[Given records — start]
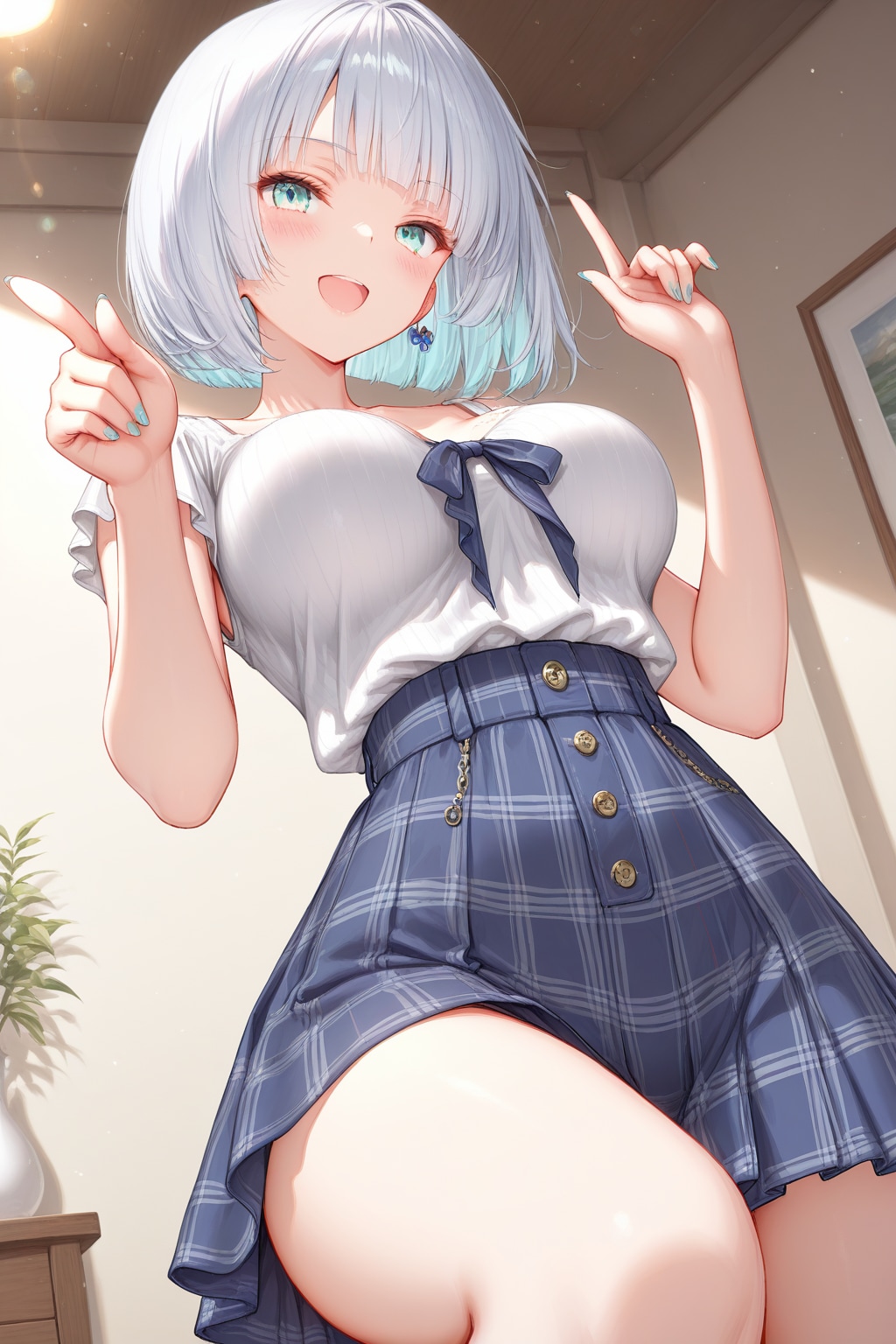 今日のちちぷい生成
[Given records — finish]
[Given records — start]
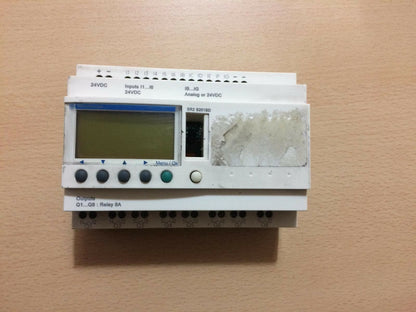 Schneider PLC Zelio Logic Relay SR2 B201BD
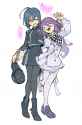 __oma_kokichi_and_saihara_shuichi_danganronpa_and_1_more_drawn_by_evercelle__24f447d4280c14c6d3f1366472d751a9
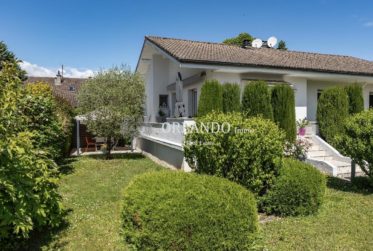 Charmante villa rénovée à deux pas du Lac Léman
[Given records — finish]
[Given records — start]
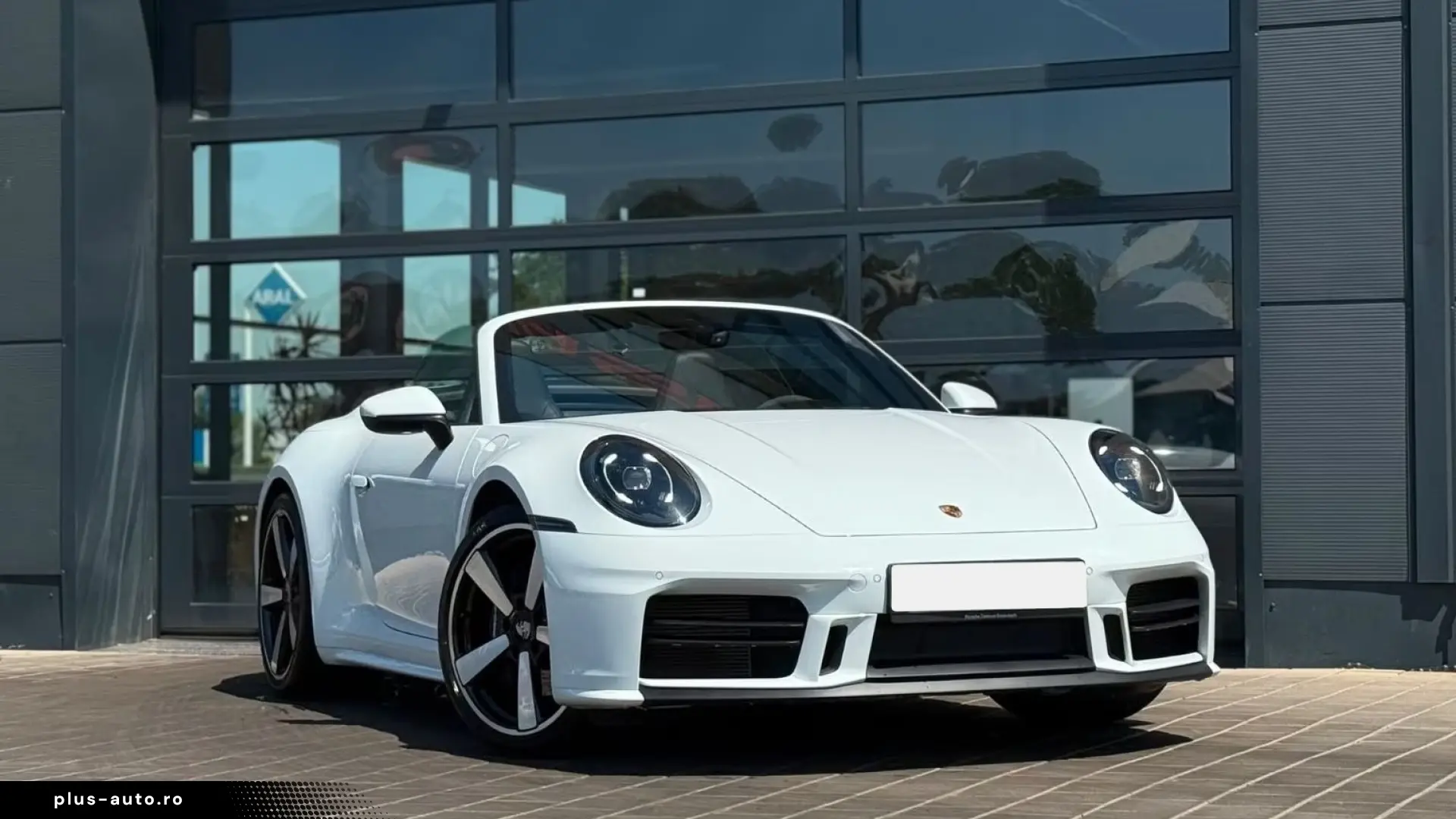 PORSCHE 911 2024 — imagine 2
[Given records — finish]
### The problem
Above are the records; return the lines in them from the one with "Schneider PLC Zelio Logic Relay SR2 B201BD" to the one with "Charmante villa rénovée", inclusive, exactly and without images.

### Exercise answer
 Schneider PLC Zelio Logic Relay SR2 B201BD
 __oma_kokichi_and_saihara_shuichi_danganronpa_and_1_more_drawn_by_evercelle__24f447d4280c14c6d3f1366472d751a9
 Charmante villa rénovée à deux pas du Lac Léman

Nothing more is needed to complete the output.